One to watch out for as a successful trial could lead to long term contracts for ABJ as these buses are put into use. I'm only guessing ABJ would be involved but the buses are for the Brisbane City Council and ABJ's biodiesel plant is just north of Brisbane at Narangba. The govt likes to give preferential treatment to local businesses in the tender process too. It will be interesting to see what develops out of this. Even if ABJ isn't directly involved we can expect to hear a bit more about biodiesel from this.


----------



## doogie_goes_off (24 September 2007)

I got burnt on these guys a while ago, today they are having a bit of a run, would anyone like to do the honours of posting this on break out alerts?


----------



## shinobi346 (17 October 2007)

Just as I suspected, the Brisbane City Council are trialing ABJ's biodeisel in their buses.

"Brisbane Bus Trial
ABG advises that a trial currently being undertaken of biodiesel blends in Brisbane City Council buses is using biodiesel manufactured by ABG. Pre-blended B20 (20% biodiesel, 80% diesel) is supplied to the Brisbane City Council via a Brisbane fuel distributor. The trial focuses on 25 buses over a four month period and is expected to provide persuasive case study data on the benefits of
utilising biodiesel blends."


With petrol prices up there should be some renewed interest in alternatives as well.


----------



## tronic72 (31 October 2007)

I've had these guys on my watch list since they formed. 

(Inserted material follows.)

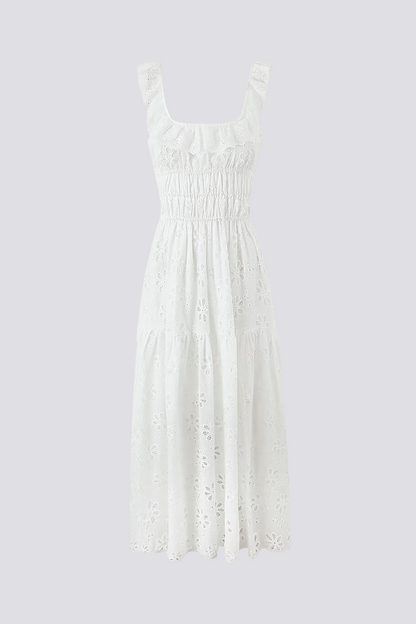 Woman in white eyelet maxi dress with ruffle sleeves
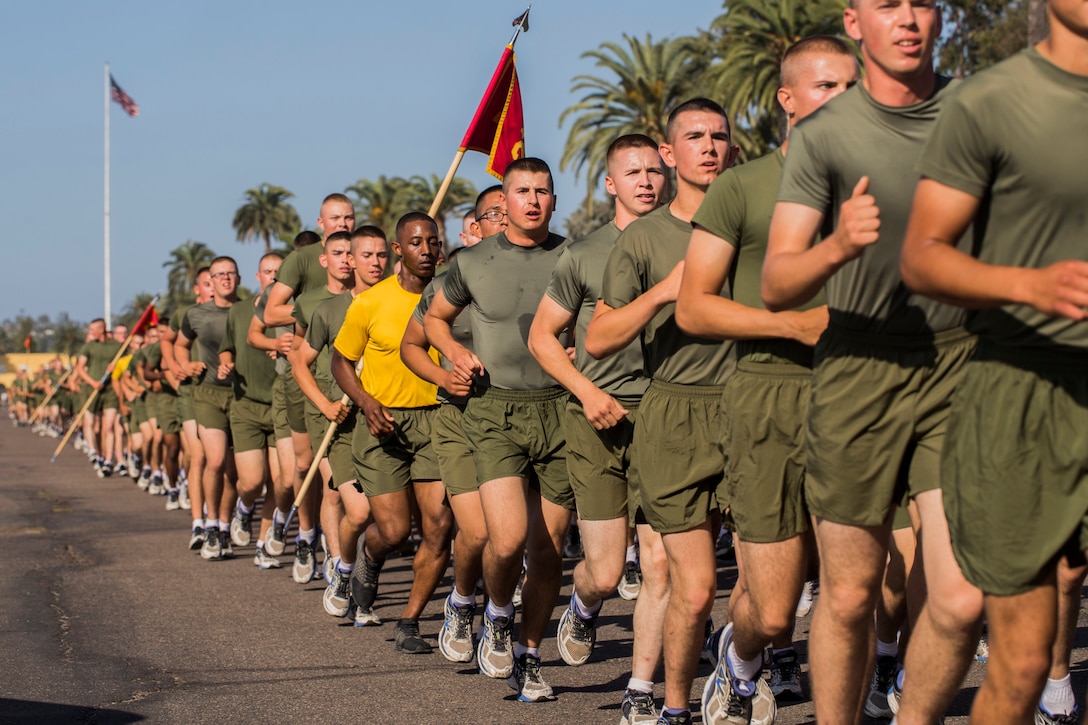 Marines jog on a street in a long line, one holding a guidon.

Unfortunately for ABJ, our dollar makes importing fuel more competitive at the moment. If ABJ can ride out the current storm they will do some seriously big things. Australia has been so lucky as our rising dollar has offset the rises of fuel so the average Joe Public hasn't seen the hugh price rises many other countries have. 

I also think when (not if) the Labour party get into power Biofuel will get a better break than it has recently. 

ABJ shares have seen consistent resistance around the .06 mark so I think it's a good time to buy, for those who can stomach the risk.


----------



## tronic72 (1 November 2007)

I'm having trouble not seeing value in ABJ when the US oil price is now 96$ a barrel!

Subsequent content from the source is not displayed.